Religion
- Affiliation: Reform Judaism
- Ecclesiastical or organisational status: Synagogue
- Leadership: Rabbi Lauren S. Cohn
- Status: Active

Location
- Location: 316 Park Avenue, Florence, South Carolina
- Country: United States
- Coordinates: 34°11′34″N 79°46′42″W﻿ / ﻿34.19278°N 79.77833°W

Architecture
- Type: Synagogue
- Established: 1912 (as a congregation)
- Completed: 1949

Website
- bethisraelflorence.org

= Beth Israel Congregation (Florence, South Carolina) =

Reform synagogue in South Carolina, United States

Beth Israel Congregation (בית ישראל) is a Reform Jewish synagogue located at 316 Park Avenue in Florence, South Carolina, in the United States.

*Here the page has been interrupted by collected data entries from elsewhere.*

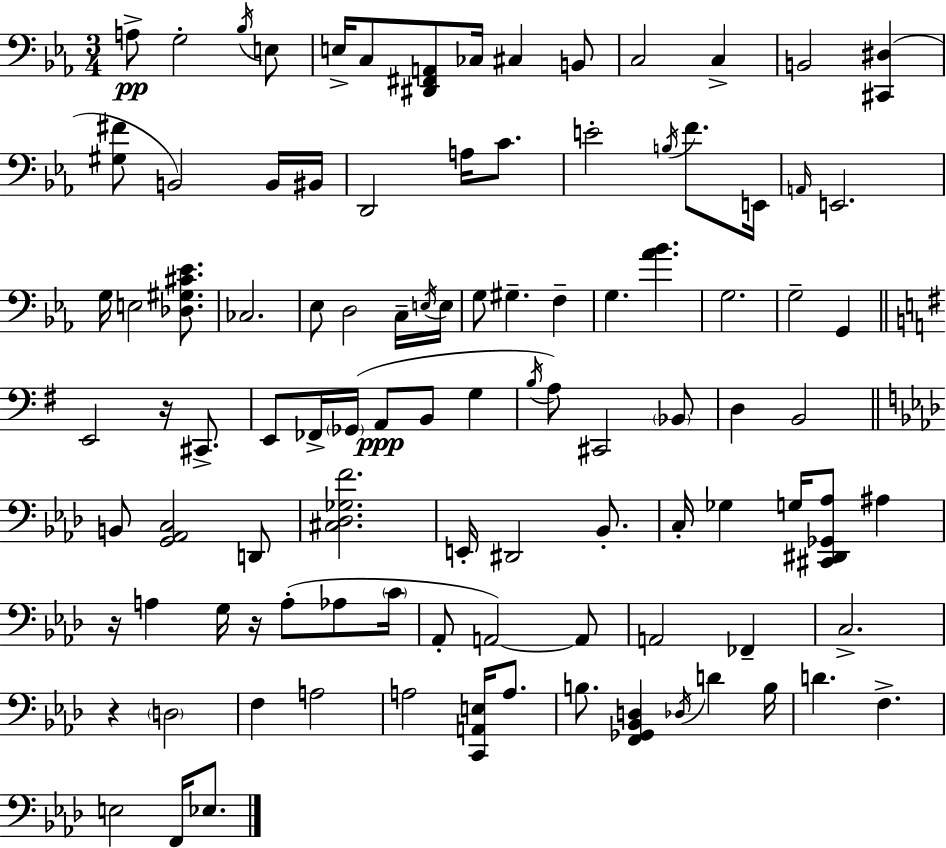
X:1
T:Untitled
M:3/4
L:1/4
K:Cm
A,/2 G,2 _B,/4 E,/2 E,/4 C,/2 [^D,,^F,,A,,]/2 _C,/4 ^C, B,,/2 C,2 C, B,,2 [^C,,^D,] [^G,^F]/2 B,,2 B,,/4 ^B,,/4 D,,2 A,/4 C/2 E2 B,/4 F/2 E,,/4 A,,/4 E,,2 G,/4 E,2 [_D,^G,^C_E]/2 _C,2 _E,/2 D,2 C,/4 E,/4 E,/4 G,/2 ^G, F, G, [_A_B] G,2 G,2 G,, E,,2 z/4 ^C,,/2 E,,/2 _F,,/4 _G,,/4 A,,/2 B,,/2 G, B,/4 A,/2 ^C,,2 _B,,/2 D, B,,2 B,,/2 [G,,_A,,C,]2 D,,/2 [^C,_D,_G,F]2 E,,/4 ^D,,2 _B,,/2 C,/4 _G, G,/4 [^C,,^D,,_G,,_A,]/2 ^A, z/4 A, G,/4 z/4 A,/2 _A,/2 C/4 _A,,/2 A,,2 A,,/2 A,,2 _F,, C,2 z D,2 F, A,2 A,2 [C,,A,,E,]/4 A,/2 B,/2 [F,,_G,,_B,,D,] _D,/4 D B,/4 D F, E,2 F,,/4 _E,/2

Formally incorporated with the state of South Carolina in September 1912, Beth Israel grew out of the Florence Hebrew Benevolent Association which was founded in 1887.

In 2025, the congregation hired Rabbi Lauren S. Cohn to lead the congregation. A part-time rabbi, Aaron Sherman, became the spiritual leader of Beth Israel in August 2011. Leah Doberne-Schor also served as a part-time rabbi until August 2023. In 2009, the rabbi was Jeffrey Ronald. For services that are conducted in the absence of a Rabbi, temple members lead services.